Turning to a fresh page in his notebook, Edmund quickly scrawled out a few platitudes before writing his own move. They’d played chess via letter before, and Edmund was not about to let her think he wasn’t capable of challenging her simply because he was busy saving the Moulde Family.
After a quick fold and seal, the letter joined the others he had written the night before. Now all he needed to do was figure out how to send them. Most domiciles of the upper-class had places to put out-going letters, either near the front door or attached to the end of the nearest servant’s arm. At Moulde Hall, he had simply handed letters to Ung, but the Headmaster had been clear, as had Fairly; there were no butlers or maids at Grimm’s.
That left a plate or box near the front door. As Edmund had no better place to look, he collected his letters and left his room.
He had found a wooden box stuffed with letters and nailed to the wall in the foyer, and added his own, when a voice piped up behind him.
“You there, Edlum!”
Edmund turned to see Victrola flouncing towards him, a book gripped in her hand.
“Edmund,” he said. “Edmund Moulde.”
“Professor Whiskfield is giving us all papers to do,” Victrola said, ignoring his correction. “And I chose to learn more about Post-Encardiographic Locomotion. What are you going to do?”
“I don’t know,” Edmund shrugged. “I didn’t know I was in Professor Whiskfield’s class.”
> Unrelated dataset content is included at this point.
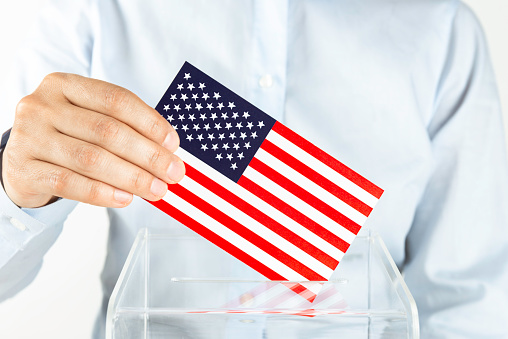 Human hand is inserting USA flag into ballot box. Representing voting in United States.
“Don’t you know anything?” Victrola tossed her curly hair behind her head. “That’s how Grimm’s works, you know. You’re in whatever class you can get into. Didn’t you hear the headmaster? They don’t give you classes, you have to take them.”
“I see.”
“Professor Whiskfield is the head of Unstable Biologies. She knows more about the human body than anyone.”
Edmund nodded, his curiosity piqued. He looked at the book Victrola was gripping in her hand. It was fairly thick.
“This is Kingcrumb’s book on Revitalization and Refreshment through Vitaeous Humours. The annotated version, because the only surviving copy of the original was banned by the Order of the Holy Torch years ago. It’s fascinating, isn’t it?”
Edmund had to admit it was.
“Good,” Victrola tossed her hair again. “Then you can read this and write a seven page essay on the proper uses of Aqueous Semulcrum, and the methods used before the advent of the Lictation Valve. Professor Whiskfield is expecting it by Thursday.”
“I don’t think we’re supposed to help each other. Headmaster Lynch said collaboration is —”
“Oh, that’s alright,” Victrola smiled. “You’re not helping me, you’re doing my work for me. That’s completely different.”
“Why can’t you do it?”
“Because I’m going to be looking around for my second friend,” Victrola laid a finger on her lips. “I think I already found a nemesis; she’s older than me, but that’s okay, and I haven’t decided if my second friend is going to be a bumbling fool who sticks by my side while trying to keep me from breaking the rules, or a dark and brooding loaner who reluctantly sees me as their only friend. Although,” Victrola pulled a thoughtful face. “The dark and brooding friend is usually the smart one, and I already decided you were the smart one. Oh well,” Victrola shrugged and turned away. “If that turns out to be the case, I may have to demote you to the bumbling friend. Here’s the book. Remember, by Thursday.”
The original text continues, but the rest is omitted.